No que se refere aos Alojamentos Locais (ALs), observamos uma maior flexibilização nas medidas do pacote Mais Habitação, tais como a eliminação da contribuição extraordinária sobre o AL e a caducidade das licenças anteriores ao programa. Revertendo os poucos avanços que tivemos nesse setor. Mas mais do que isso, é verdadeiramente surpreendente que este novo plano de Governo proponha que os despejos, já de si totalmente liberalizados pela Lei dos Despejos, passem para os Julgados de Paz, numa redução ainda maior de qualquer garantia dos inquilinos.
Este programa mostra que não terá nenhuma resposta para a crise da habitação e contará com a nossa oposição frontal. Este programa de Governo mostra que a habitação não é uma prioridade, algo que se comprova pelas recentes declarações de Pinto Luz quando naturaliza a turistificação das cidades. Por tudo isto, contará com a nossa oposição.
Vida Justa
A política para habitação do Governo da AD é uma política de classe que tem como principal objectivo garantir os negócios imobiliários. Os responsáveis da AD já garantiram que pretendem acabar com os entraves ao negócio do Alojamento Local e impedirem o fim da compra de habitações por residentes não habituais. O argumento é garantir o funcionamento do mercado. Por isso, não vai haver tabelamento de rendas, apesar de vários países da União Europeia (UE) já o fazerem, nem aposta na habitação pública. Portugal tem menos de 2% habitação pública, muito abaixo da média europeia, que é perto dos 15%.

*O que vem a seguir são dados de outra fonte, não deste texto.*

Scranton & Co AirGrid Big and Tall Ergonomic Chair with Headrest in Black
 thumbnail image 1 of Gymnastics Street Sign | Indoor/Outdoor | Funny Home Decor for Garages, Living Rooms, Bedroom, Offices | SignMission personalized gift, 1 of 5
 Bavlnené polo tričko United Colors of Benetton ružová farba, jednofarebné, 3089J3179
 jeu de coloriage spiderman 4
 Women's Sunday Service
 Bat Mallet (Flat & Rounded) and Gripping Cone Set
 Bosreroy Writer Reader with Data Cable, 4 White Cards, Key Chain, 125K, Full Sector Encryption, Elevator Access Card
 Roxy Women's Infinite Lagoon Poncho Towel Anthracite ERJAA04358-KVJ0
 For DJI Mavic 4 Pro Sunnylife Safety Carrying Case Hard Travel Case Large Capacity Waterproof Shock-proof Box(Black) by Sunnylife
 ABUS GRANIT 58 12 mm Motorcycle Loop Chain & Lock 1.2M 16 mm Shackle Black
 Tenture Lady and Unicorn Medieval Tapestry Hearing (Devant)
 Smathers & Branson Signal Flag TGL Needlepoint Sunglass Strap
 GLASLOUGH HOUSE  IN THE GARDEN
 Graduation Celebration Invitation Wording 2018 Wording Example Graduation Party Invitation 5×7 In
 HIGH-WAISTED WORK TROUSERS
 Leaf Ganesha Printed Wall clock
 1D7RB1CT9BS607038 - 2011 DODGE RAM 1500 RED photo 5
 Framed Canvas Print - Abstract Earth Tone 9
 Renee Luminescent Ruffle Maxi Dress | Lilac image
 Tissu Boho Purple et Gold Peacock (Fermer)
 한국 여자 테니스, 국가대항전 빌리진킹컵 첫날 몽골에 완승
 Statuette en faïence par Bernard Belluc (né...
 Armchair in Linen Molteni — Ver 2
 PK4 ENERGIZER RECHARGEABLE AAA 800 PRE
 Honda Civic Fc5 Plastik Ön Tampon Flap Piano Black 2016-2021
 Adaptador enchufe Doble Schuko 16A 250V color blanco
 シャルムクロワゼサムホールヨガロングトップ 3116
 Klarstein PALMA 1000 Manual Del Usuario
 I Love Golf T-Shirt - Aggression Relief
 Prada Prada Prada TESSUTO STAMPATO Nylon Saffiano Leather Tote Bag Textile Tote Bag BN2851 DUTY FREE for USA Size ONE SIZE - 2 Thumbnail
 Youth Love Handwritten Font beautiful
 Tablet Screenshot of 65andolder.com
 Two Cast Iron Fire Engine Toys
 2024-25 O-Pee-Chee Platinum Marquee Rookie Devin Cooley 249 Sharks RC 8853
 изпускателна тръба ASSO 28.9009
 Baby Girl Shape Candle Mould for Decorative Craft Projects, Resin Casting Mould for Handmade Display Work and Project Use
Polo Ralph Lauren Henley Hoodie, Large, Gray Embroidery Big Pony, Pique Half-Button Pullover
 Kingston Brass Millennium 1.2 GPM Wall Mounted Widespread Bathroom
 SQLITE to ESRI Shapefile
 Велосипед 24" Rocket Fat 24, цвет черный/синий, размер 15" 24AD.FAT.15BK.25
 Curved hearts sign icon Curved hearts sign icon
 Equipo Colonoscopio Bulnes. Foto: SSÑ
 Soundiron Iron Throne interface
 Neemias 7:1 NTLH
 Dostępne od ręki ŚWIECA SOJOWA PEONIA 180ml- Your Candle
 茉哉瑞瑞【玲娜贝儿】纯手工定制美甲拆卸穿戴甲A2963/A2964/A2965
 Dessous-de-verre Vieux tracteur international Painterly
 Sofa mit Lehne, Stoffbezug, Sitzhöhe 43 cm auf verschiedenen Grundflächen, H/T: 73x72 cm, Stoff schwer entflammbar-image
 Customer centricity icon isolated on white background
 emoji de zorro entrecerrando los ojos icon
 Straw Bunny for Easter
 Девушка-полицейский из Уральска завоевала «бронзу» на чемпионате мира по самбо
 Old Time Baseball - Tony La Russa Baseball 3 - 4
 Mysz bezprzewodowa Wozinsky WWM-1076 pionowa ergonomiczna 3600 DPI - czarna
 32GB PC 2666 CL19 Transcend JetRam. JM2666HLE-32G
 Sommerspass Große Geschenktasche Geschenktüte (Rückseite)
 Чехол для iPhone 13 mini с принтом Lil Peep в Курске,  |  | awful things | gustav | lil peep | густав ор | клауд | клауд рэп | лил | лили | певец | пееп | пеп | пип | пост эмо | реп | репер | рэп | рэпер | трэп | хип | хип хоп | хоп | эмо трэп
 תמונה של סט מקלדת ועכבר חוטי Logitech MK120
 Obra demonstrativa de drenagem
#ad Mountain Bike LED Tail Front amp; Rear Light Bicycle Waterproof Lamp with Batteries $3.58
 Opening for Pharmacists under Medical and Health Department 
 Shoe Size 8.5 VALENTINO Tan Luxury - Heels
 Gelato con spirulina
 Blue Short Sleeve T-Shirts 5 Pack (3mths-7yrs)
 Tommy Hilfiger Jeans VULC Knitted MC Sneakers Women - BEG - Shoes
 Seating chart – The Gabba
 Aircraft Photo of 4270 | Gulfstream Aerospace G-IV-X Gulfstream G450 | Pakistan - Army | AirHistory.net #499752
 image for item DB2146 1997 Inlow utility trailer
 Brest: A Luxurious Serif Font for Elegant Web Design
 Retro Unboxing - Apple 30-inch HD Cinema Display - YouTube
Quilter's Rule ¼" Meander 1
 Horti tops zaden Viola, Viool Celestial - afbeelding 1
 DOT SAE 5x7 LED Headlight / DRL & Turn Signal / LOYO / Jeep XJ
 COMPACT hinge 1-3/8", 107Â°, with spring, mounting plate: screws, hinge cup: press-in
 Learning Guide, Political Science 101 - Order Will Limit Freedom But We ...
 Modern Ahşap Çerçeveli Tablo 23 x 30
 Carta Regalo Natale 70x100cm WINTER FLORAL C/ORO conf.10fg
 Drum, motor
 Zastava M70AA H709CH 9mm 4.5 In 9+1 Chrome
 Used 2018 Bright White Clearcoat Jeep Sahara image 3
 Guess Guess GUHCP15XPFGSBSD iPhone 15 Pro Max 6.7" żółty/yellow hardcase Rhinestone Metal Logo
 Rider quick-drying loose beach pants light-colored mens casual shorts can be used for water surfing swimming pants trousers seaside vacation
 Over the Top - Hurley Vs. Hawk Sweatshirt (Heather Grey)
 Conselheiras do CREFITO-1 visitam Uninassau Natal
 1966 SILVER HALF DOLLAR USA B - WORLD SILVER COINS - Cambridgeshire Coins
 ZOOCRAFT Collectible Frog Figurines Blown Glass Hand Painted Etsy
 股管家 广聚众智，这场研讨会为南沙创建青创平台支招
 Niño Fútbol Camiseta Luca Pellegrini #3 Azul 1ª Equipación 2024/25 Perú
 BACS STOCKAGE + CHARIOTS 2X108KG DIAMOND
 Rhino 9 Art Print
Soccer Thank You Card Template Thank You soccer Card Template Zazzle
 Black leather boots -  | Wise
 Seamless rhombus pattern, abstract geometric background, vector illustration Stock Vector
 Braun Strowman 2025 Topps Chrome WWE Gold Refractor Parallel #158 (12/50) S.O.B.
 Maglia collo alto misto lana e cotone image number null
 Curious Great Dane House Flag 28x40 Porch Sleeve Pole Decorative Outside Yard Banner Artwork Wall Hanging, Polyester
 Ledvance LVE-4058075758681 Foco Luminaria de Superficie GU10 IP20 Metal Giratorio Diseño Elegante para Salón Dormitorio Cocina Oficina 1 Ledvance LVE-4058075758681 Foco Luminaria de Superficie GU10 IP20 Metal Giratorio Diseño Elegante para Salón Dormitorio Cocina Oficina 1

Não vai haver, com o Governo da AD, aposta na construção pública nem requalificação dos bairros e dos subúrbios. A política da direita limita-se a pôr o Estado a apoiar a classe média alta para dar muito dinheiro aos construtores. O Governo aposta em baixar impostos nas compras de casa dos mais jovens, o que inclui os poucos que têm dinheiro para comprar casa, e dar subsídios de renda que permitam manter o nível das rendas especulativas existentes. As medidas vão multiplicar os lucros, ajudar os filhos da classe média alta a ter casa, mas sobretudo dar muito dinheiro aos especuladores privados. Não estamos perante uma política para a habitação, mas uma política para a especulação.